Dive Brief:
- Among the many reasons LinkedIn CEO Jeff Weiner gave employees in a memo about the $26.2 billion Microsoft purchase of LinkedIn: Their company now had a chance to “to control our own destiny.”
- According to The New York Times' Dealbook, Weiner may have left one key reason out of that bit of communications. Writer Andrew Ross Sorkin noted that missing link would be the firm's less-than-stellar stock price and its heavy reliance on stock-based compensation.
- Such a position could negatively affect its talent bench strength over the long haul, especially since LinkedIn's stock price had been dinged as of late.
Dive Insight:
Behind all the glowing headlines, Sorkin explains that LinkedIn has not made money over the past two years, adding that in early 2016, LinkedIn’s stock price dropped 40% in value after it revealed "weaker-than-expected growth for the year." At the time, the stock price fell from $225 on New Year's Day 2016 to $100 about a month later.

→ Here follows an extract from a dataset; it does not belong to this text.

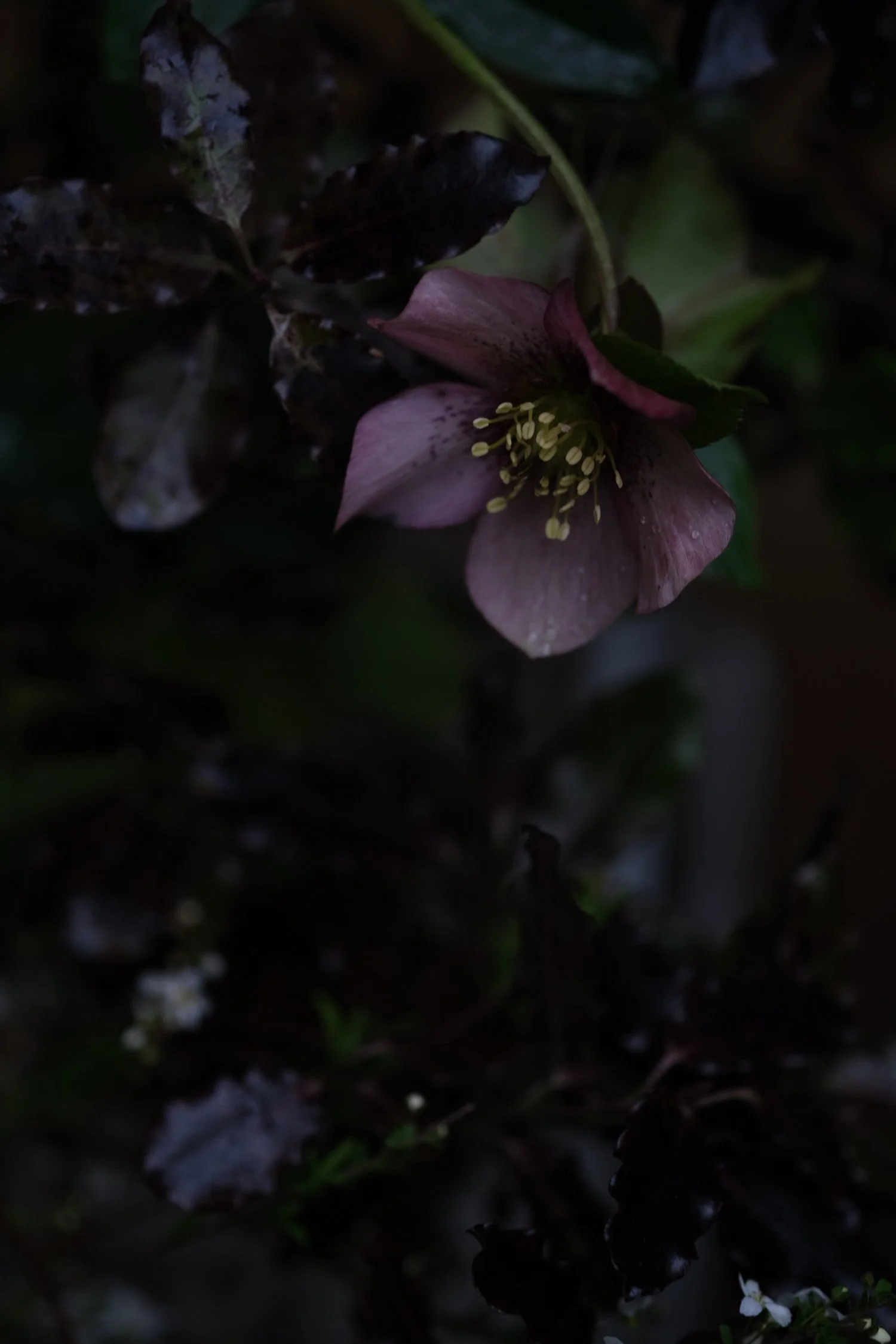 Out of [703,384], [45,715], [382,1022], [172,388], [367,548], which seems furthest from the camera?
[367,548]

And because LinkedIn relied heavily on stock share-based compensation, rumors following the stock drop mentioned the possibility LinkedIn would begin losing top talent as the latter began to see their stock-based income value evaporating. Mark Mahaney, a veteran technology analyst at RBC Capital Markets, told Dealbook that “If the stock had stayed down, it [LinkedIn] would have seen employee churn.”
That's no longer an issue, now that Microsoft has made its move to purchase LinkedIn.